Commemorating the days of repeating the same mistakes
Forget how long it has been without such silence in your own world, and one minute and one second seems to be long like the whole century. I thought I forgot, thinking that I had let go of the one who made myself live in another world. I did not expect that I still live in my own day that makes my heart beat and then my heartache.
There is a kind of wound, I will hide it behind the happiest, thinking that this can escape, and then leave calmly. Maybe I forgot, the things will be reversed, the more happy, the more the shackles of the heart will slowly flow out. In those days, I always heard the falling fireworks, thinking that the moment of embarrassment is eternal, but now I want to come, nothing more than can not get it but also reluctant, the last kind of beautiful wishes.
There is such a moment of fireworks, it will remain in the heart to become a kind of obsession, just like the parting night that year, clenched hands, crying and shouting "I will not let go"
Those days, I am not a person who likes to drink, but also completely turned into a drunkard. But those who told me to drink alcohol, but did not tell me the next sentence is even more embarrassing. For a moment, I was completely blind, drunk, annoyed, tired. But more is the memories before those pains, warm, dull.
This is enough, or not enough. After the prosperity, the cold streets, if not prosperous, how to come to the cold streets. If you haven’t let go of the fireworks, why not say it. Maybe it’s really drunk, maybe it’s really tired. Maybe it is really crying, maybe it is really reluctant. The last sentence of the year, parting, maybe you will not understand the meaning of the last sentence, but I understand. Because I was still reluctant that year, and the reverse is the meaning of LOVE.
Can I really forget those past? I don't want to ask for a trace of love, because the love of luxury is, after all, coming, not going to last forever.
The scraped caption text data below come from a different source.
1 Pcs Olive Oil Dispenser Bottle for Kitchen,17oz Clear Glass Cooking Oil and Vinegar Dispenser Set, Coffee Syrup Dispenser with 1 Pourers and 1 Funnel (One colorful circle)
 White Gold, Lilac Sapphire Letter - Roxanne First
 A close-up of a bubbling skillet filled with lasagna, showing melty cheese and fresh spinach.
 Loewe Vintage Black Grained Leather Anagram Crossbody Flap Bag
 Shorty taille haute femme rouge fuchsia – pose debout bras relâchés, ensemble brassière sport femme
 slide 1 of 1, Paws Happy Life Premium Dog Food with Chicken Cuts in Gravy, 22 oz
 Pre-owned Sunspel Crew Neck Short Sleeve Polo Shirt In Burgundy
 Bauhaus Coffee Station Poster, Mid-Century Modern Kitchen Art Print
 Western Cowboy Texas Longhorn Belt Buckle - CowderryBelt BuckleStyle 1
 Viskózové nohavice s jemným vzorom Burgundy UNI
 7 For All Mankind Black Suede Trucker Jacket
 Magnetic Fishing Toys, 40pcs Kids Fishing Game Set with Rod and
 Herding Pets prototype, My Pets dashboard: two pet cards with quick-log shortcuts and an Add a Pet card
Sitting in the team that sent the pro, the sister who loved me the most in those years is getting married. I know that I can only bless her in the end, and I only bless her. She is very happy, but I have a flustered. Because I know that we can't be as warm as we were when we were young. There have been more and more things in these years, even if I have time, I can't go to her house at will, but I clearly remember my sister's drawer-style my treasure chest. Maybe we are all grown up, we have our own things, and the gaps will get bigger and bigger.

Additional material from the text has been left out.